Ive seen this before(over on androidforums). I think it was cuased by the battery dieing so badly that it couldnt even charge. It was fixed by charging the battery up with an external charger. No guarante thats your issue but it would probably be worth it to try before going to verizon


----------



## TheWhiteBandito (Nov 8, 2011)

rexdog1888 said:


> Ive seen this before(over on androidforums). I think it was cuased by the battery dieing so badly that it couldnt even charge. It was fixed by charging the battery up with an external charger. No guarante thats your issue but it would probably be worth it to try before going to verizon


I just edited my original post with more information specifically regarding this. I don't think it could be that.


----------



## TheWhiteBandito (Nov 8, 2011)

Well I had to go to Verizon and they swapped out my phone for a new one since it was within a 14 day window. Typing this from my unrooted stock phone









Sent from my Galaxy Nexus using Tapatalk


----------



## krylon360 (Jun 21, 2011)

For all Samsung Phones. INVEST IN A JIG! It will put you into DL Mode no matter what.


----------



## msjohnson2868 (Jun 18, 2011)

krylon360 said:


> For all Samsung Phones. INVEST IN A JIG! It will put you into DL Mode no matter what.


OK, pardon my ignorance... but what is a jig?









Sent from my Galaxy Nexus using Tapatalk


----------



## yoyoche (Jun 11, 2011)

krylon360 said:


> For all Samsung Phones. INVEST IN A JIG! It will put you into DL Mode no matter what.


Are you talking about the direct power cables that Team black hat has? Or something else.


----------



## beehiveblack (Sep 23, 2011)

Just search Samsung phone jig...
Plenty of info.
Sent from my Galaxy Nexus using Tapatalk


----------



## msjohnson2868 (Jun 18, 2011)

beehiveblack said:


> Just search Samsung phone jig...
> Plenty of info.
> Sent from my Galaxy Nexus using Tapatalk


OK...Google is good. Is the jig standard for all Samsung phones or is there one that is specific to the Nexus?

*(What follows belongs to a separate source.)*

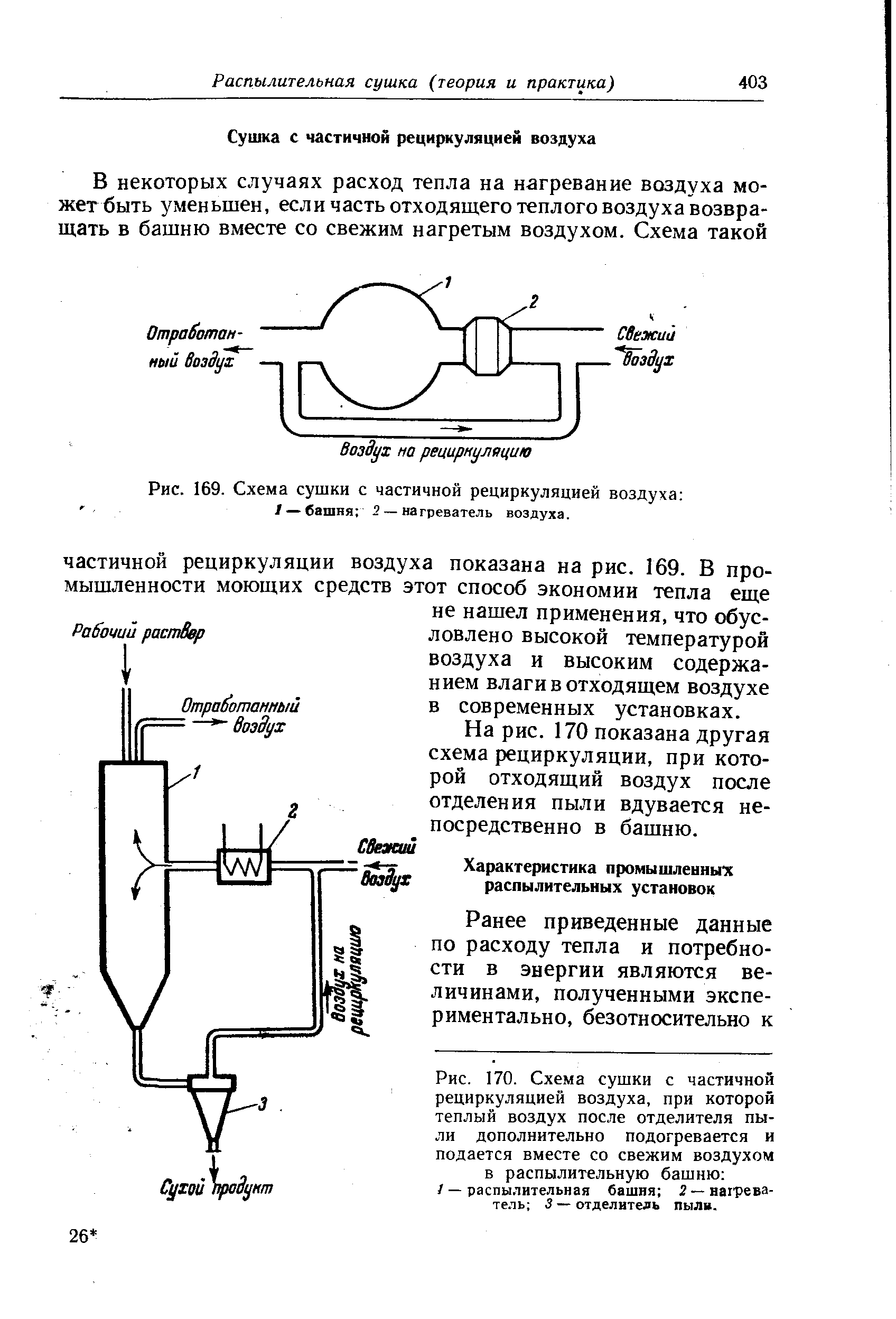 На рис. 170 показана другая схема рециркуляции, при которой отходящий воздух после отделения пыли вдувается непосредственно в башню.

Sent from my Galaxy Nexus using Tapatalk


----------



## TheWhiteBandito (Nov 8, 2011)

msjohnson2868 said:


> OK...Google is good. Is the jig standard for all Samsung phones or is there one that is specific to the Nexus?
> 
> Sent from my Galaxy Nexus using Tapatalk


+1. I would like to buy a jig if they have one for the Nexus. My searching only came up with jigs for other phones. I'm sure they're working on one if it's not out yet.


----------



## cbncoupe (Jun 24, 2011)

Will this jig thingy help a completely dead unit? Mine wont do anything at all. Tried:

different battery
booting to bootloader
battery out, plug in, battery in
battery out, holding power putting battery back in
sim card out
.....you get the idea
My worry is, if I take this thing back to VZW, is there any way they can figure out its rooted? Just dont want the big hit. Would rather turn it back to stock and then take it back.

Any help is appreciated.

JC


----------



## Snow02 (Jun 14, 2011)

The jigs do work on the nexus. Try it out. Basically, if the jig won't bring it back, no one is going to be able to turn it on to check anything.

For those that don't know, the jig puts the phone into download mode so that an image can be flashed using odin (not sure if fastboot works). This is beneficial for when the phone doesn't respond to button inputs to turn on for whatever reason.


----------



## cbncoupe (Jun 24, 2011)

Snow02 said:


> The jigs do work on the nexus. Try it out. Basically, if the jig won't bring it back, no one is going to be able to turn it on to check anything.
> 
> For those that don't know, the jig puts the phone into download mode so that an image can be flashed using odin (not sure if fastboot works). This is beneficial for when the phone doesn't respond to button inputs to turn on for whatever reason.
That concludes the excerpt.